School Isn’t Made for Boys

Sadly, boys are becoming less and less successful in school. As a teacher, I see it every day. I grew up with five brothers and have a special place in my heart for the little boys who struggle in class; I’m notorious for getting the most difficult behaviors, and they’re nearly always boys. 

The Atlantic details how and why many of the studies showing that girls are underperforming in school are incomplete or outdated, and cites “data from the U.S. Department of Education and from several recent university studies [that] show that far from being shy and demoralized, today's girls outshine boys. They get better grades. They have higher educational aspirations. They follow more-rigorous academic programs and participate in advanced-placement classes at higher rates. According to the National Center for Education Statistics, slightly more girls than boys enroll in high-level math and science courses.”  

The average boy is a year and a half behind the average girl in reading and writing.

Nearly a third more women enroll as undergraduates in college, and the disparity has only increased over time. Boys are more likely to drop out, be suspended, or fail. The average boy is a year and a half behind the average girl in reading and writing. During the 2017-2018 school year, twice as many boys were diagnosed with a learning disability than girls.
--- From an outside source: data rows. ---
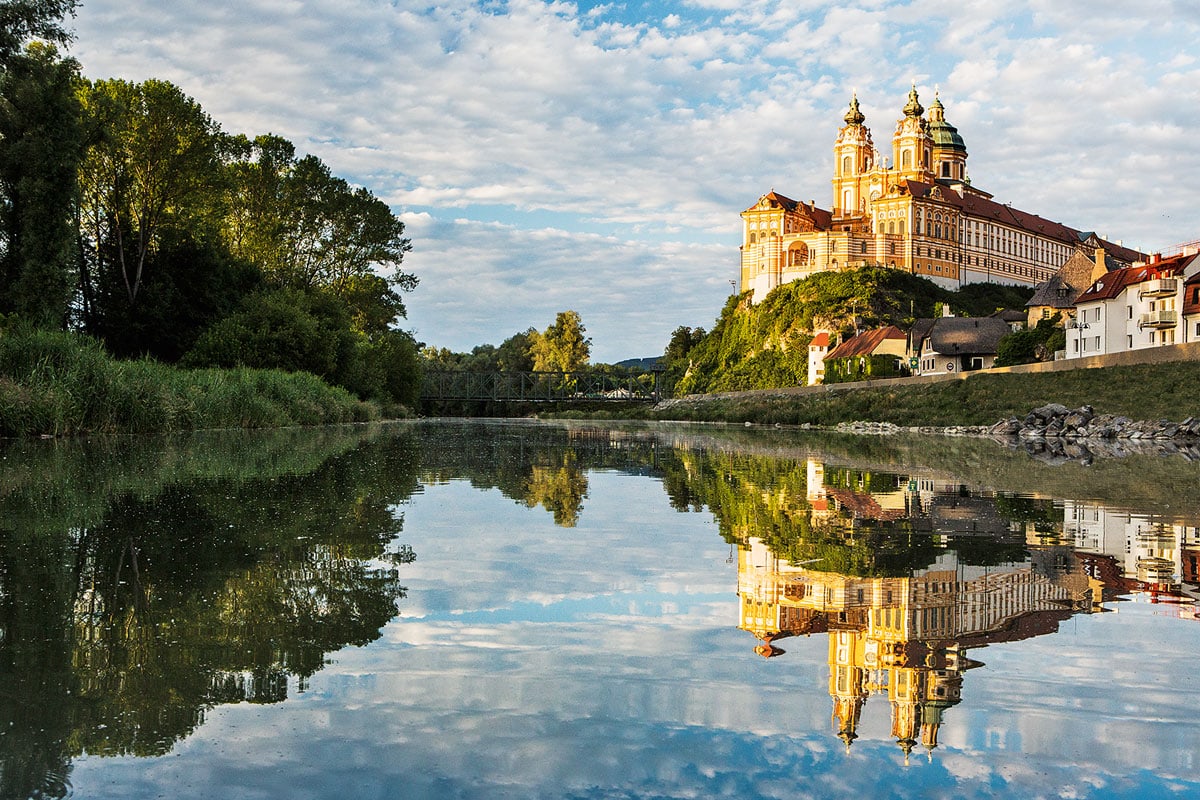 melk on the danube river cycling tour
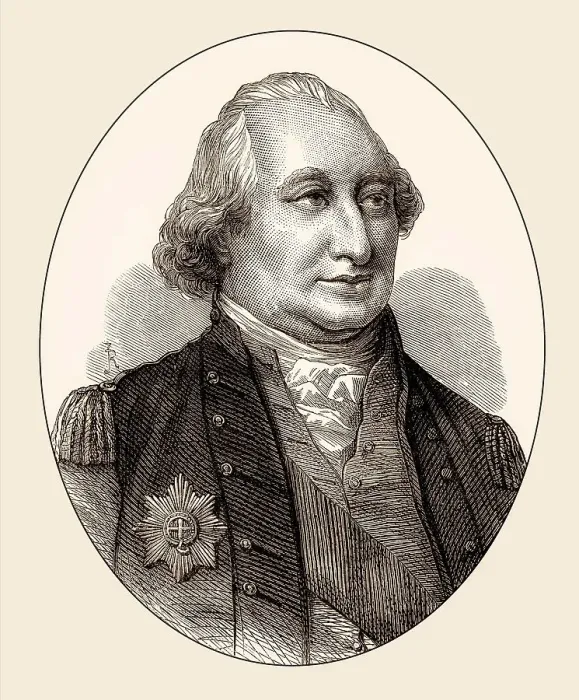 Framed Print : Charles Cornwallis, 1st Marquess Cornwallis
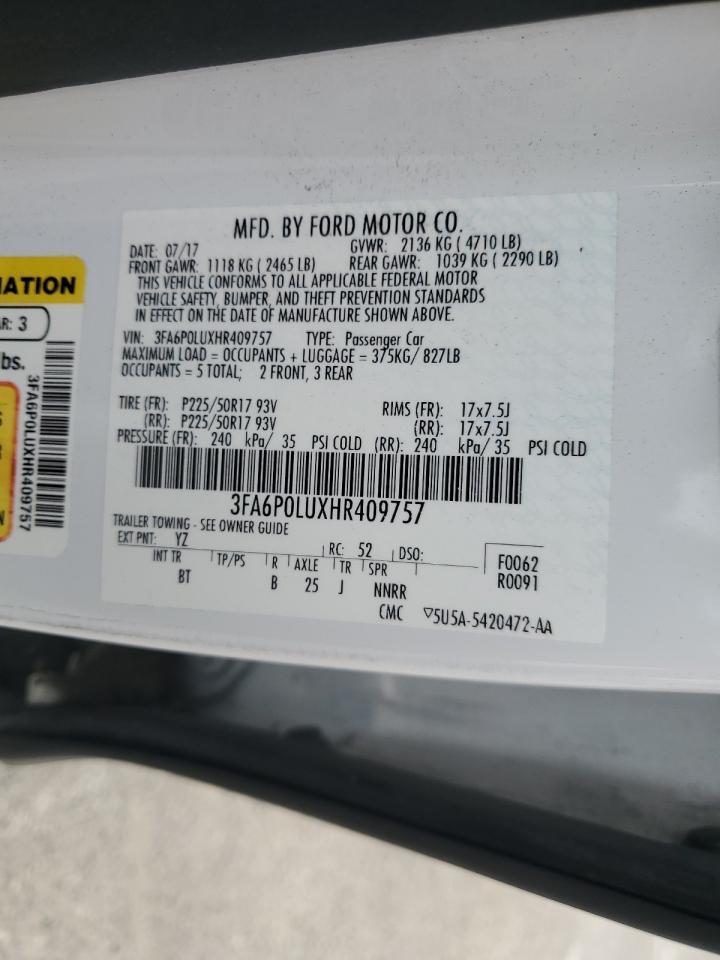 2017 FORD FUSION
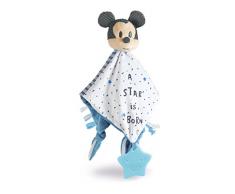 Clementoni Disney Baby Mickey-Doudou et Peluches d’éveil et de Premier âge-100% Lavable en Machine, 0 Mois et Plus, 17345, Multicolore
The Atlantic piece cites a male high school student who found that girls outperformed boys in his school, much to the surprise of the staff. This student found that people were uninterested in his findings and saw that many had “been strongly influenced by the belief that girls are systematically deprived.” This mentality is often mirrored in many educational circles, and again, by denying the truth, we’re perpetuating a system and a culture that neither acknowledges nor addresses the needs of young men. There’s a reason that men are 3.6 times more likely to die by suicide than women. Isn’t it time we started questioning why this is the case? 

Fatherless Homes and the Dismantling of the Family

Finally, we live in a society that for years has been actively working towards dissolving the nuclear family unit. One in four children are raised without a father, and these kids are consistently shown to struggle more than those who grow up with any kind of father. These children are more likely to drop out of school, commit crimes, go to prison, abuse drugs and alcohol, experience poverty, and face abuse and neglect themselves. While these are only a few of the issues these children face, they apply generally to both boys and girls; they don’t even begin to address the unique challenges faced by boys growing up without fathers. 
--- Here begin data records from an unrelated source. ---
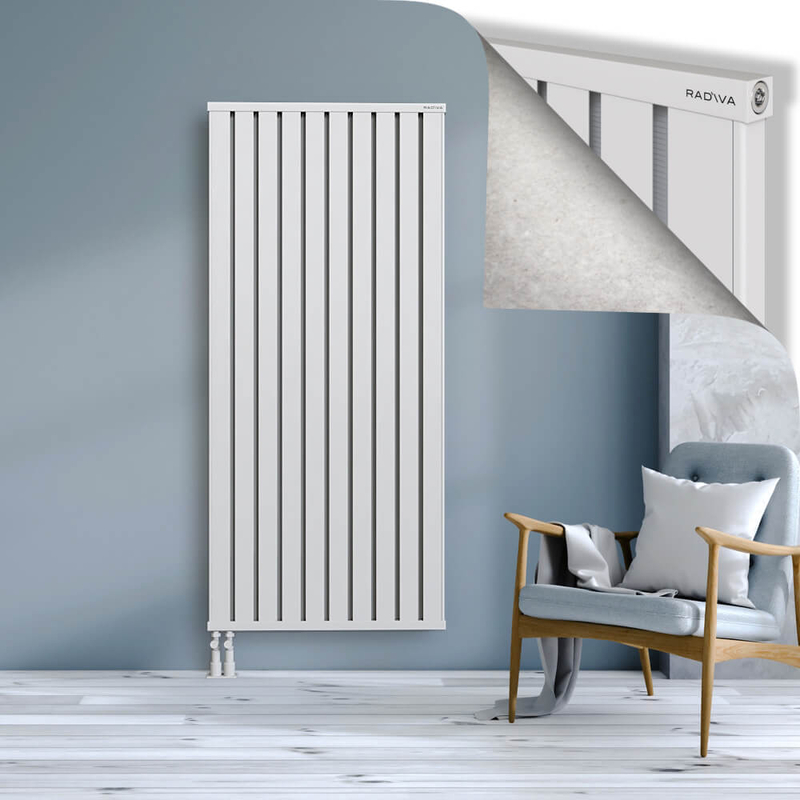 OBI Dekoratif Alüminyum Radyatör 1800x804 Beyaz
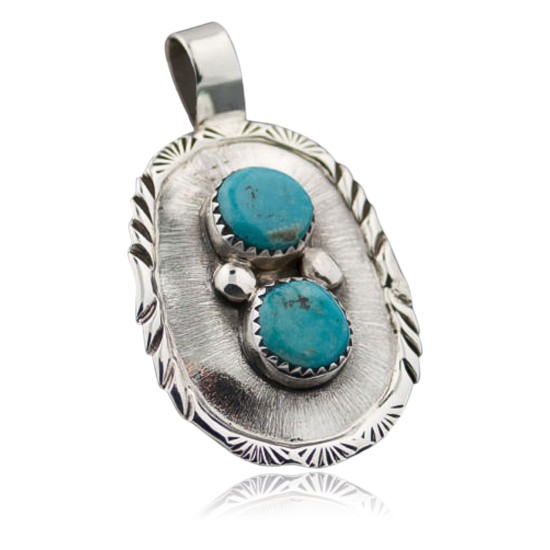 Handmade Certified Authentic Navajo .925 Sterling Silver Natural Turquoise Native American Necklace 370874583671 Handmade Certified Authentic Navajo .925 Sterling Silver Natural Turquoise Native American Necklace 370874583671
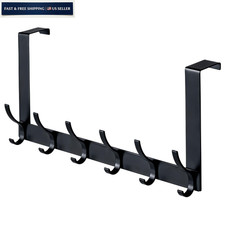 Over The Door Hooks,Door Hanger Hooks for Hanging Black, Fit 1-3/4" Black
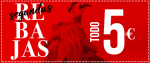 Segundas Rebajas Valentina, todo a 5€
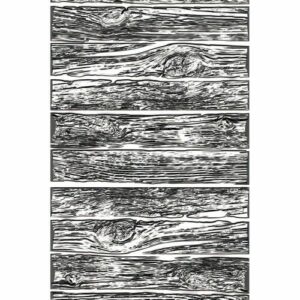 Sizzix 3D Texture Fades Mini Lumber van Tim Holtz. Maak een diepe, realistische houtnerfstructuur voor kaarten, ATC's, scrapbooking, journals en mixed media.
Fatherless children are more likely to drop out of school, commit crimes, go to prison, abuse drugs and alcohol, and experience poverty.

Fathers having a positive effect isn’t just an opinion — there’s plenty of science to back this up, and it’s even more relevant for little boys, who have fewer problems in academics and with peers, and fewer instances of delinquent behavior when a father figure is present.

Closing Thoughts: We Can’t Continue To Fail Our Boys, and in Turn Fail Our Society

Women should be empowered to succeed in whatever ways and fields they choose, but not at the expense of men. This goes beyond issues in the workplace or everyday adult life, extending far back into childhood. We can’t continue to disregard the unique needs of little boys. Every child, regardless of gender, deserves a chance and the opportunities to do well in school, be respected, and succeed in life. Continuing to prop up only little girls and women will only cause harm to our current and future society as a whole.